Yes, the difference is measurable, although whether it's significant depends on how much you pay for power. To work it out (assuming that you electric utility bills in kilowatt-hours, or kWh):
- Look up the specs for your drives online, and look for a "quiescent power draw" figure, or something similar (should be fairly obvious which one it is), the figure should be in Watts (W)
- Divide 1000 by this number, to get the number of hours it takes for the drive to consume 1kWh of electricity.
- Divide the number of hours in a month (I use 730.5 as my standard number) by the previous number, to get how many kWh of electricity the drive draws each month.
- Look on your electricity statement for how much a kWh of electricity costs you, and multiply that by the previous number to get (roughly) how much it costs you to run that one drive unused for a month.
I say "roughly" because there's further power losses in your power supply and such that'll cost more electricity, but they're (hopefully) really not significant.
There is measurable (in KWh ) power saved.

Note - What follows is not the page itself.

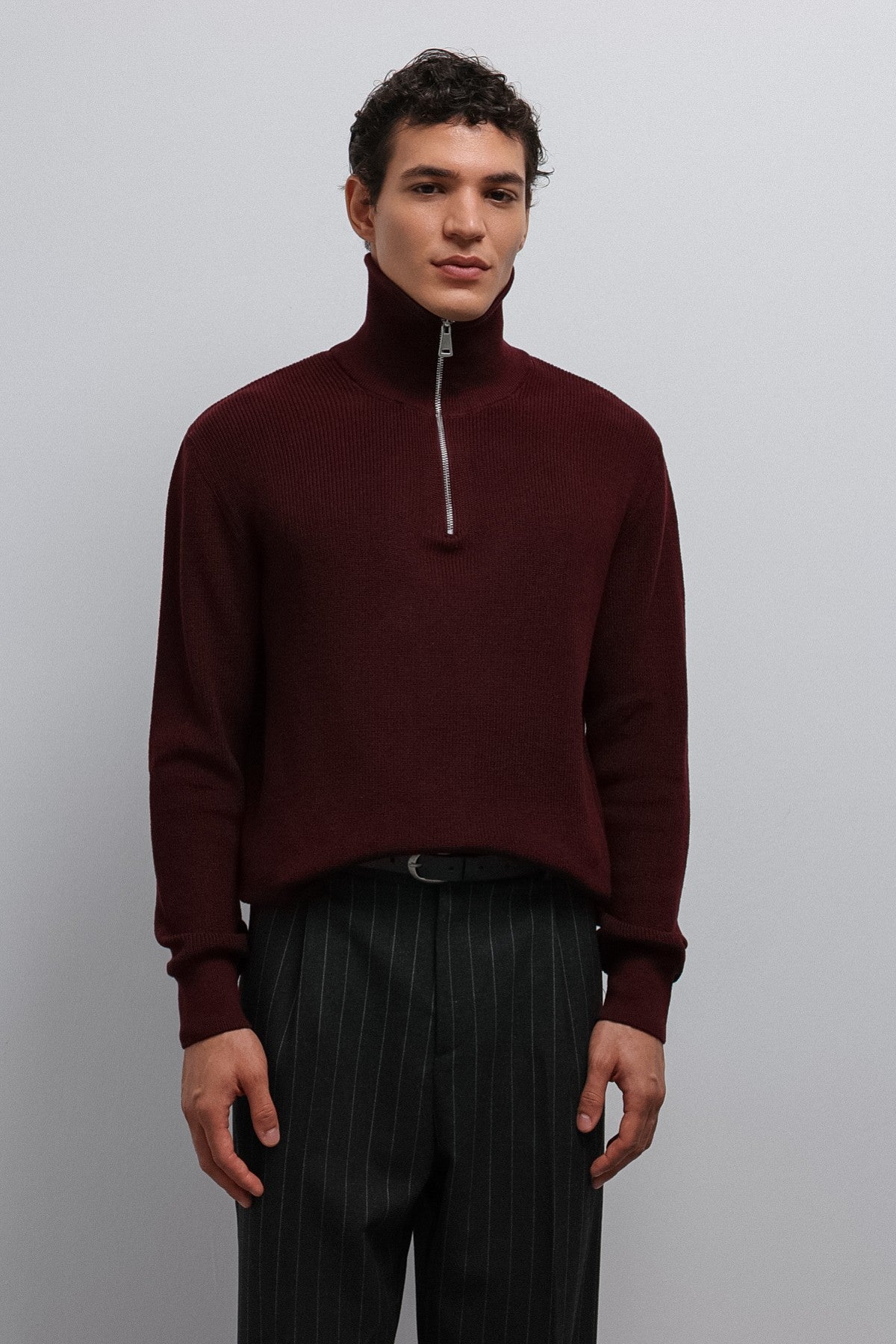 Antioch Zip-Up Knit Men's Sweater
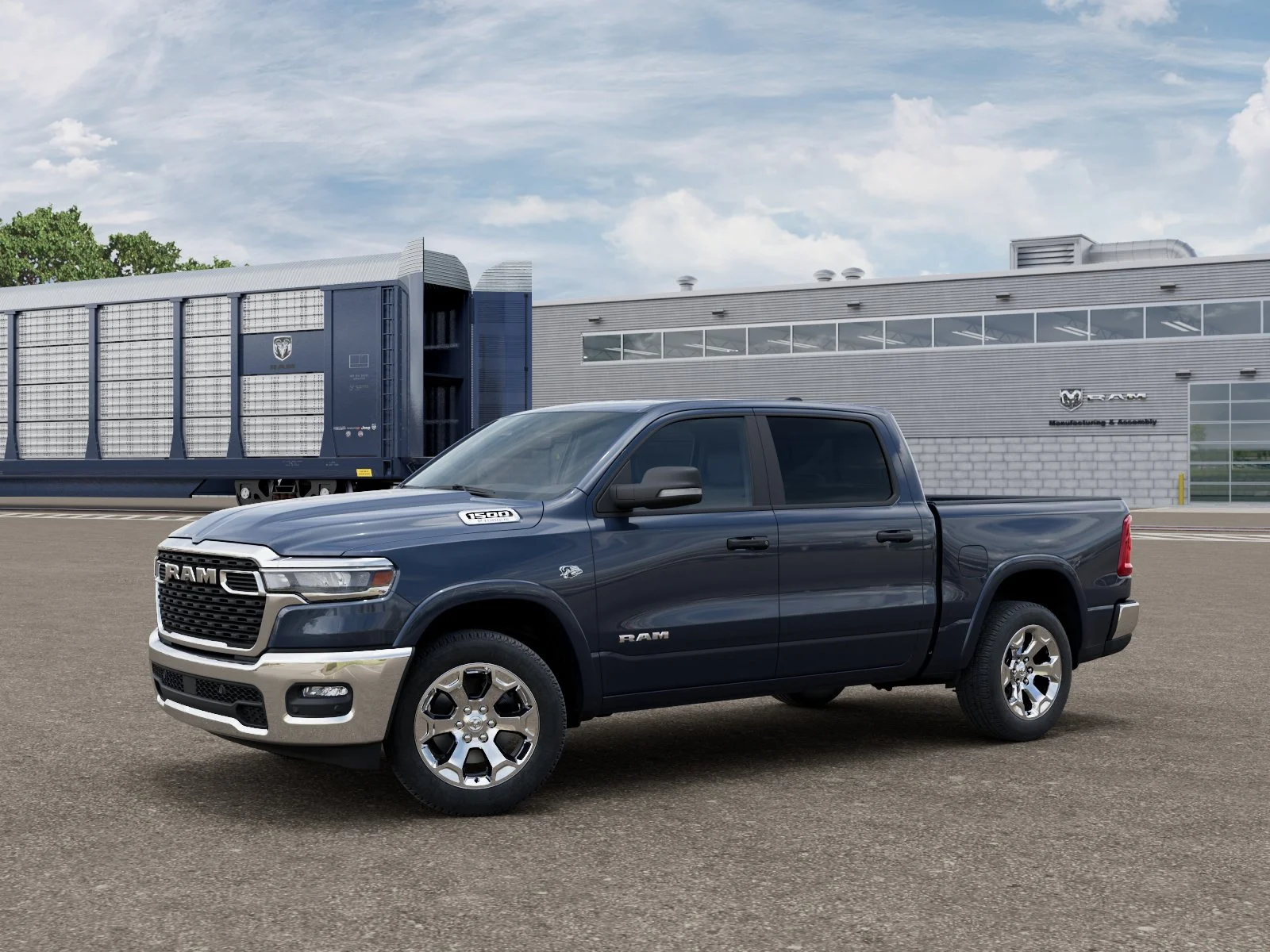 New 2026 Forged Blue Metallic Exterior Paint RAM BIG HORN image 1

However I am almost convinced that what you are really asking is if you can measure this savings in cold hard cash. The short answer is no.
Story alert! From 2004 to 2006, I was running 4-6 machines, 24/7 In August of 2006 I added another 7 machines that stay on 24/7 as well.
My electric bill shoots to the moon when it's hot and running the A/C. I compared my monthly charges from 2004 to end of 2008 with the average monthly temperature and they correlate very nicely. Normal temperature: bills where similar before and after the added machines Cold - same as above HOT - you cry when you see the bill in 2004 or 2008 :)
The botom line is, you'll save more money by sweating and making your own coffee (ie avoiding Starbucks) than disconnecting CDrom drives.
just my 0.02 kWh :)
Sampling a random CD-ROM drive in the old junk box shows that it's rated at 29W. Even if it ran all the time, it wouldn't amount to much. I'm guessing that the power draw while idle would be negligible.
EDIT: Worst case scenario example for my $0.08/kWh, my CD drive running at its fully-rated power draw of 29W would amount to $20.32/year or about $1.69/month.